**WORK TO COMPLETE:** The lines to extract begin at the line that contains "Arges Dolap 4" and run through the last line of the listing; reproduce them exactly, minus any pictures.

**INPUT DATA:**
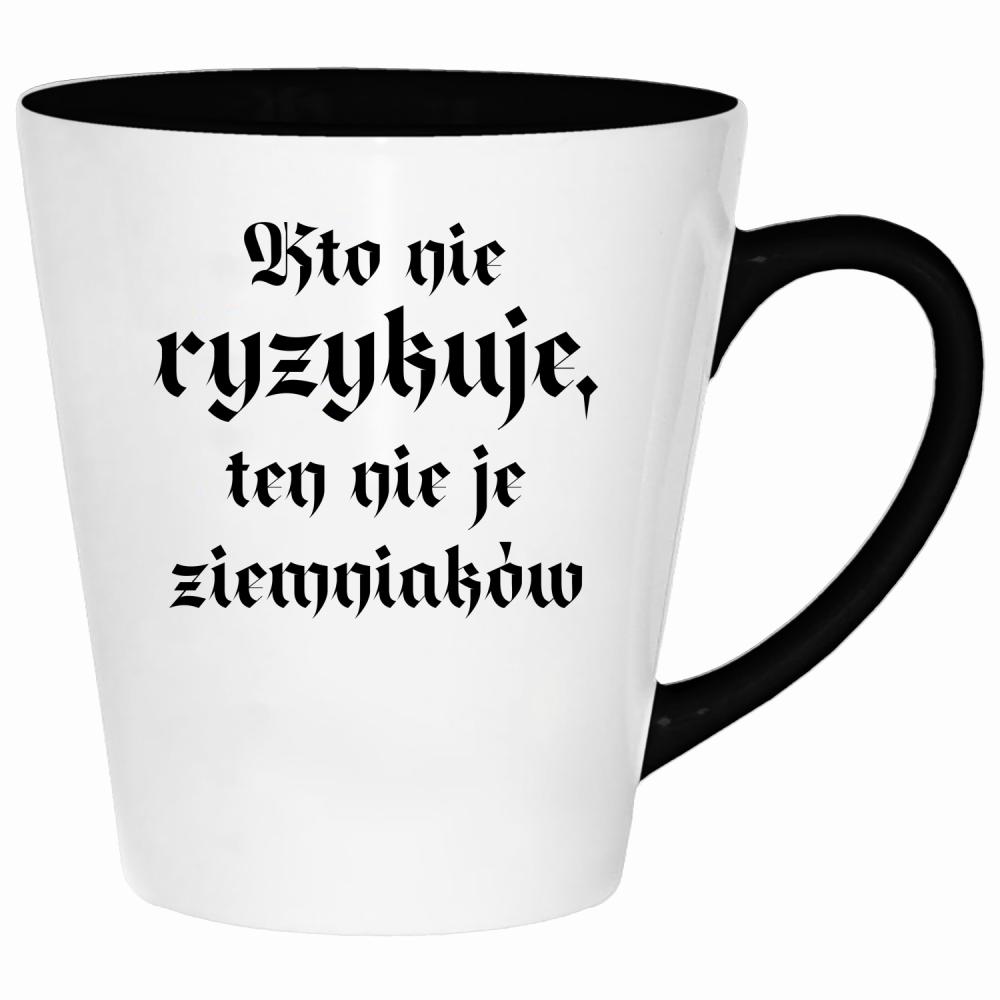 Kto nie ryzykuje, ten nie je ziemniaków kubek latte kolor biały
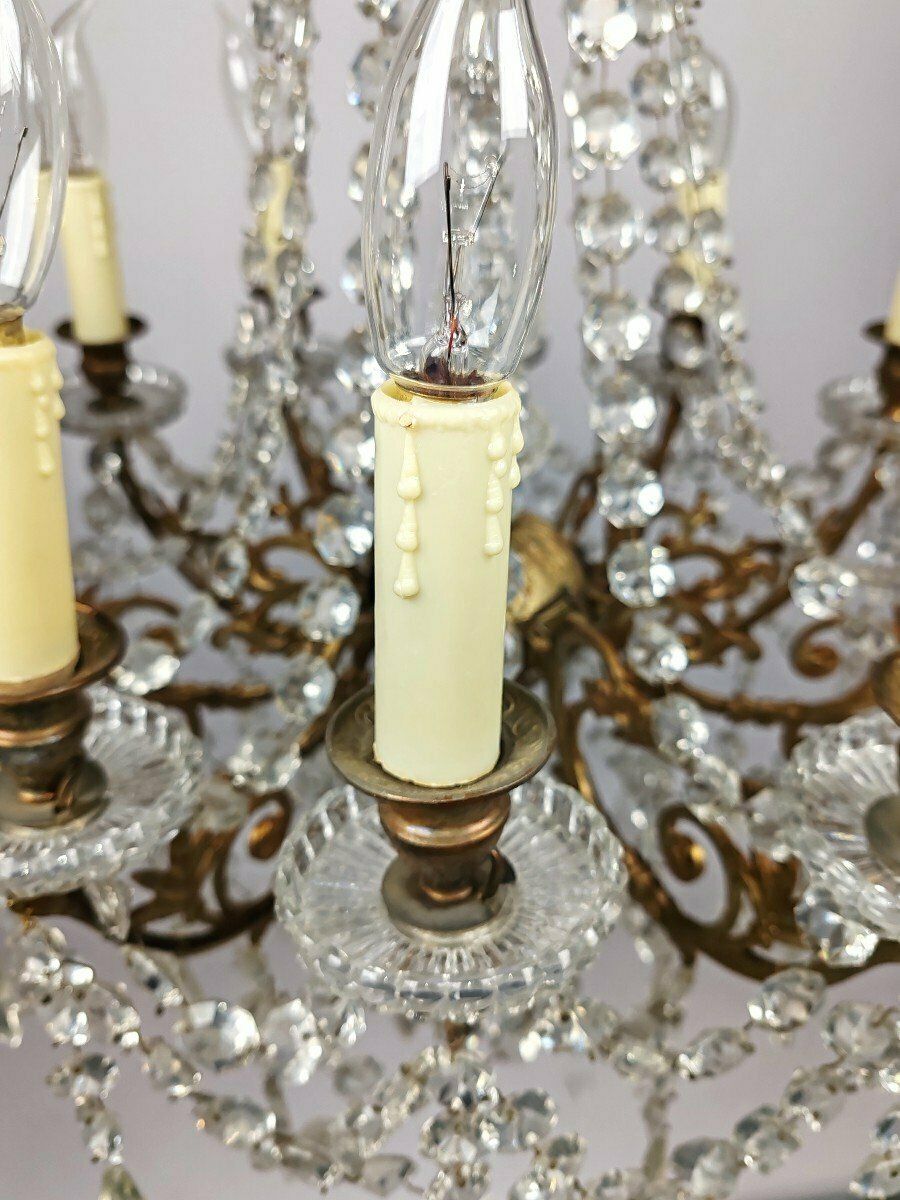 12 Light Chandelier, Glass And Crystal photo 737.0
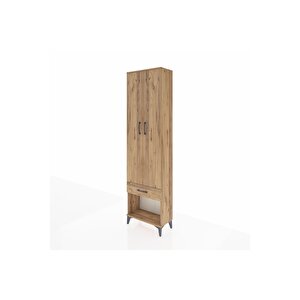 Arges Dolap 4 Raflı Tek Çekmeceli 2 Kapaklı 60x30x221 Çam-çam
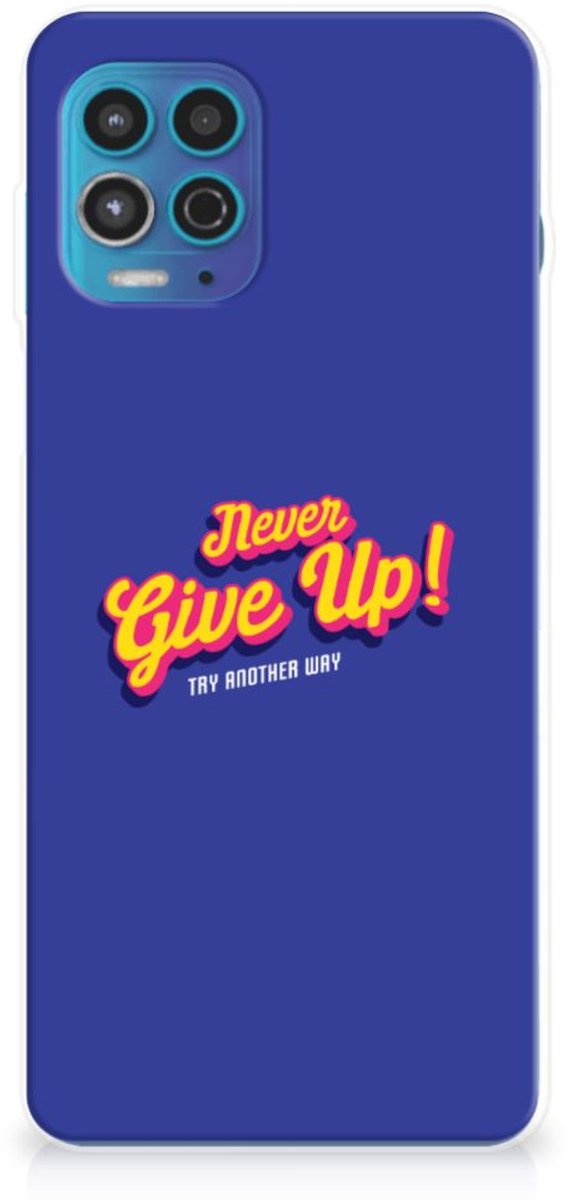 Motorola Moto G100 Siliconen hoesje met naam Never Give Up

**TASK OUTPUT:**
 Arges Dolap 4 Raflı Tek Çekmeceli 2 Kapaklı 60x30x221 Çam-çam
 Motorola Moto G100 Siliconen hoesje met naam Never Give Up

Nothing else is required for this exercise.